June 4, 2008

Diamond Hill

In January 2007 I wrote an article for Marketscope profiling my favorite asset manager, Diamond Hill (DHIL). It is still the largest holding in my ESVF portfolio so I thought it prudent to update my thoughts on the company.

It is hard to call 2007 a disappointing year for the company, but compared to the previous years growth slowed dramatically. Assets under management (AUM) grew from $3.7 billion to $4.4 billion, or 19%. During the last seven months of the year AUM was flat. This is not surprising since the market started declining in July. As a result the stock declined from around $100 per share to $73 at the end of the year.

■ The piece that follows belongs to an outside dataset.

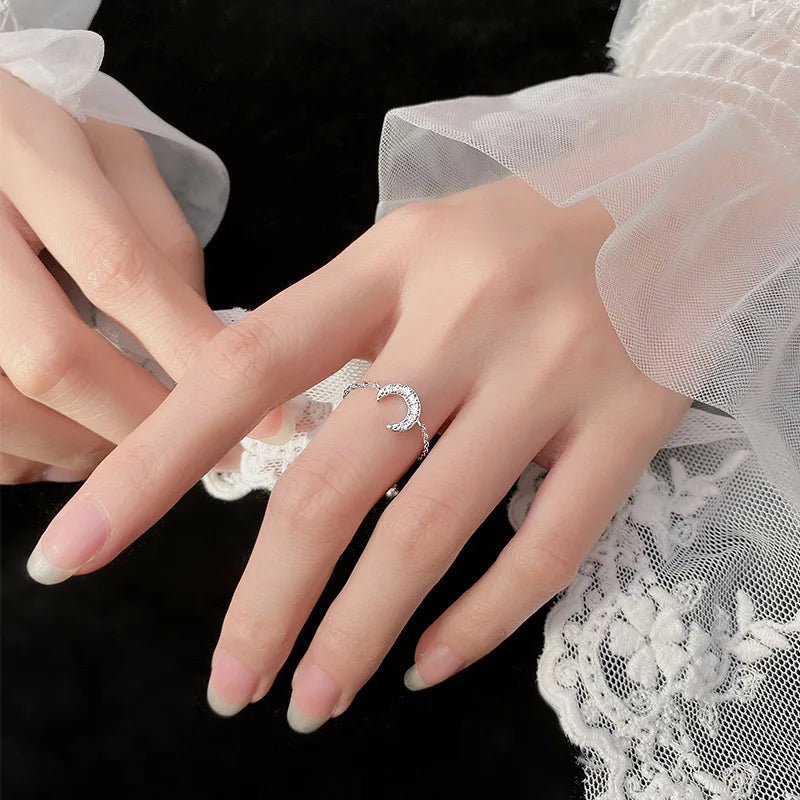 TrustDavis Real 925 Sterling Silver Fashion Sweet Moon Shiny CZ Chain Ring Sizable For Women Wedding Party Fine Jewelry DS940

2008 has started off exceptionally well. AUM has grown from $4.4 billion $5.5 billion as of May 31. That is 25% growth in just five months. The stock has risen to $90 per share. Obviously future AUM growth is difficult to predict, since it is related to specific fund performance and general market conditions, as well as Diamond Hill's marketing efforts.

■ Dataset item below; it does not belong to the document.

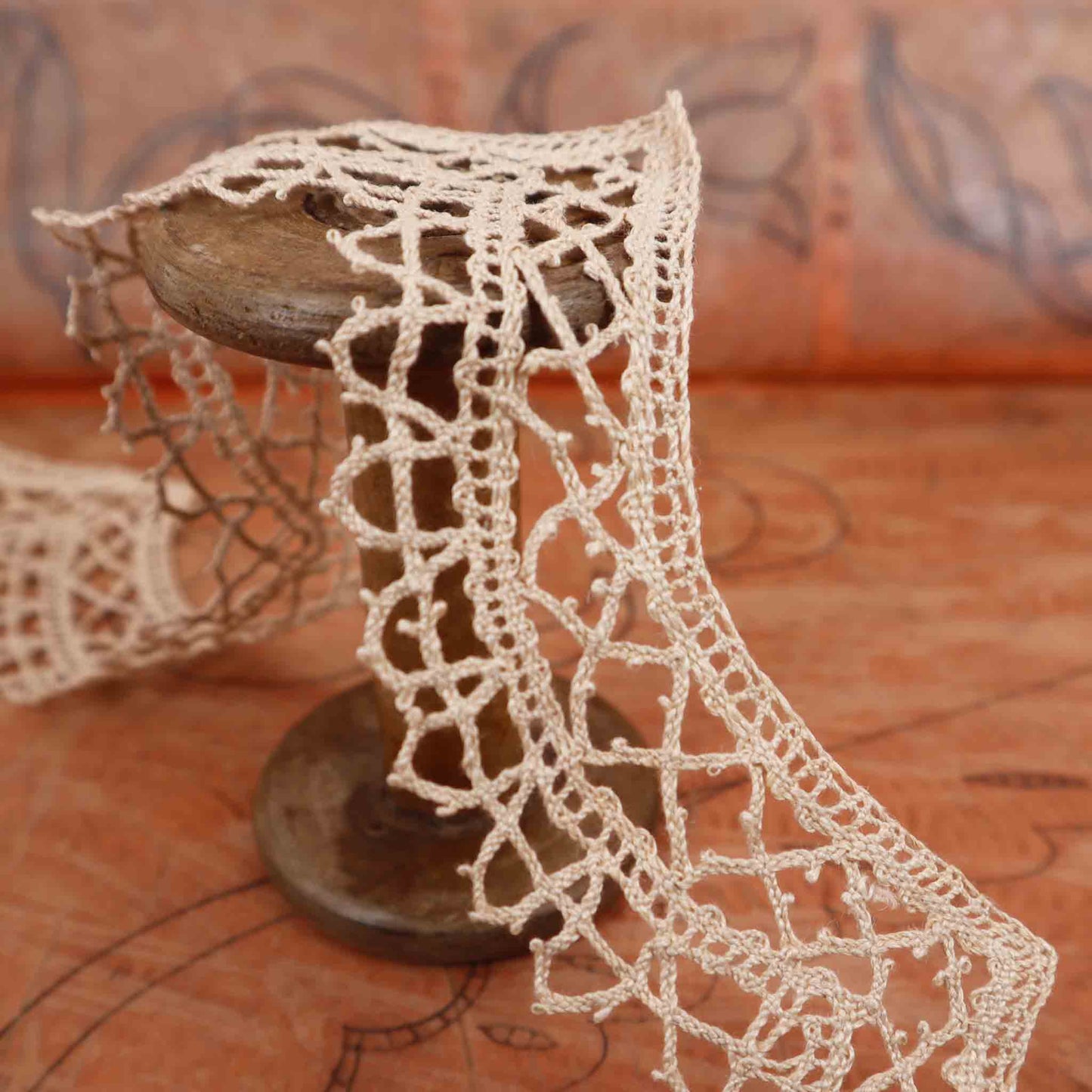 Square Table Cloth Edging Handmade in Linen Bobbin Lace - Bobbins&Needles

I model out various growth rates to come up with the what is most likely and what are worst and best case scenarios. Due to the unforseen market correction that began last summer, my original eanings projection should be extended out another year. Based on the conservative assumption of AUM gorwth of $250 million per quarter, it looks DHIL would earn $5.00 to $5.50 per share in 2008; $7.00 per share in 2009; and near $8.50 per share in 2010. That should result in the stock price climbing to near $150 in 2009 and $175 to $200 in 2010 (about 20 times earnings). If AUM grows faster, the shares could reach those price targets even sooner.